=== Data records ===

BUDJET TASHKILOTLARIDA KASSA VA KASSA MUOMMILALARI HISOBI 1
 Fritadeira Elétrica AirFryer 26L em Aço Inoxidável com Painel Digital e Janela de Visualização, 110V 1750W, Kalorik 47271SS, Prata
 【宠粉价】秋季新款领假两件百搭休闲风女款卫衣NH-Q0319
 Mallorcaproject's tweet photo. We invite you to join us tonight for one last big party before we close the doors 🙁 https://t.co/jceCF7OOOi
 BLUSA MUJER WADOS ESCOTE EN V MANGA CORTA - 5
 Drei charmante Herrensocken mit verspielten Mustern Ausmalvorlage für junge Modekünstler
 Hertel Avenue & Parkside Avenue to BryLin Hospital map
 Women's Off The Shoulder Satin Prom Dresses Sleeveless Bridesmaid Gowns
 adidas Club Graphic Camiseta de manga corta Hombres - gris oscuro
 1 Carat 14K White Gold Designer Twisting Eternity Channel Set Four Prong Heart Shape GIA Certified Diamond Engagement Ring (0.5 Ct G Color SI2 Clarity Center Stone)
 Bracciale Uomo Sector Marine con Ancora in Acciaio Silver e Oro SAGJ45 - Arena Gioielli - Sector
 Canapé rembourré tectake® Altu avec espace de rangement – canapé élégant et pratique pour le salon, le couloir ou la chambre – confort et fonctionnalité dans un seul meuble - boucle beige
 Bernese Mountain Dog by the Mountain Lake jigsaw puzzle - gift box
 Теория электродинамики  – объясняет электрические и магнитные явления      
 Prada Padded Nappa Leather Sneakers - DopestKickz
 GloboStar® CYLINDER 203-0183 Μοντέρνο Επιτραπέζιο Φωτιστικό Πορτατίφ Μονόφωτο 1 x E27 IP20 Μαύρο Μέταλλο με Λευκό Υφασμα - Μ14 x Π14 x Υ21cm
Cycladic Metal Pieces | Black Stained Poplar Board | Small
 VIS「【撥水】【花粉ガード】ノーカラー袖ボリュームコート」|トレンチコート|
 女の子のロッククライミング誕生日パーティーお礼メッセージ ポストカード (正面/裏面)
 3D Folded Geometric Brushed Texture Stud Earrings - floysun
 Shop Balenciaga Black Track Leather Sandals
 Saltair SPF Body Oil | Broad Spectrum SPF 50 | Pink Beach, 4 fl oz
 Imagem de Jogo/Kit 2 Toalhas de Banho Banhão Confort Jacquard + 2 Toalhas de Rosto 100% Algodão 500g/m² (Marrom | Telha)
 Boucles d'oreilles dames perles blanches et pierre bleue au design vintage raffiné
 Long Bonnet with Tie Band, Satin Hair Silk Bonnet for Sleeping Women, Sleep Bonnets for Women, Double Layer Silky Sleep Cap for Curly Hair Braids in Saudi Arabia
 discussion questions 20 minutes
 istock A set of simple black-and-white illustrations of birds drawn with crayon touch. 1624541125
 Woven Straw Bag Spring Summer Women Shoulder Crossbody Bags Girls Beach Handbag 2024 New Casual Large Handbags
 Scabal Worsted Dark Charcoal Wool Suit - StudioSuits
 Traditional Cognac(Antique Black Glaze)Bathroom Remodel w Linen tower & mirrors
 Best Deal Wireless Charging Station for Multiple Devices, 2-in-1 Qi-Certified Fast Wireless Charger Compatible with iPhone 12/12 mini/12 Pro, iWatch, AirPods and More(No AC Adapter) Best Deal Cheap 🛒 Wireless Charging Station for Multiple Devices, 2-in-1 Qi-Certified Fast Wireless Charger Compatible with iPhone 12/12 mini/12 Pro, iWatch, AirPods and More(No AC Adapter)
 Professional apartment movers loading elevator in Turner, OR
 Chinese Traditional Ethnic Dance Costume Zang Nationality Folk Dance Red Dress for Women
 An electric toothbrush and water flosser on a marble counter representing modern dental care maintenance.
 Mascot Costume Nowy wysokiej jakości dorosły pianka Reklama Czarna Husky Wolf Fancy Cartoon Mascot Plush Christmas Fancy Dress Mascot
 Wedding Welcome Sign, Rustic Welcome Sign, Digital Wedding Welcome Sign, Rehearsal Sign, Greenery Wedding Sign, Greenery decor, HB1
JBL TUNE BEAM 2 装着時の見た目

===

■ **Task item**:
All lines from the line holding "Professional apartment movers" through the end of the records above need to be transcribed exactly, and no other text should appear.

■ **Your response**:
 Professional apartment movers loading elevator in Turner, OR
 Chinese Traditional Ethnic Dance Costume Zang Nationality Folk Dance Red Dress for Women
 An electric toothbrush and water flosser on a marble counter representing modern dental care maintenance.
 Mascot Costume Nowy wysokiej jakości dorosły pianka Reklama Czarna Husky Wolf Fancy Cartoon Mascot Plush Christmas Fancy Dress Mascot
 Wedding Welcome Sign, Rustic Welcome Sign, Digital Wedding Welcome Sign, Rehearsal Sign, Greenery Wedding Sign, Greenery decor, HB1
JBL TUNE BEAM 2 装着時の見た目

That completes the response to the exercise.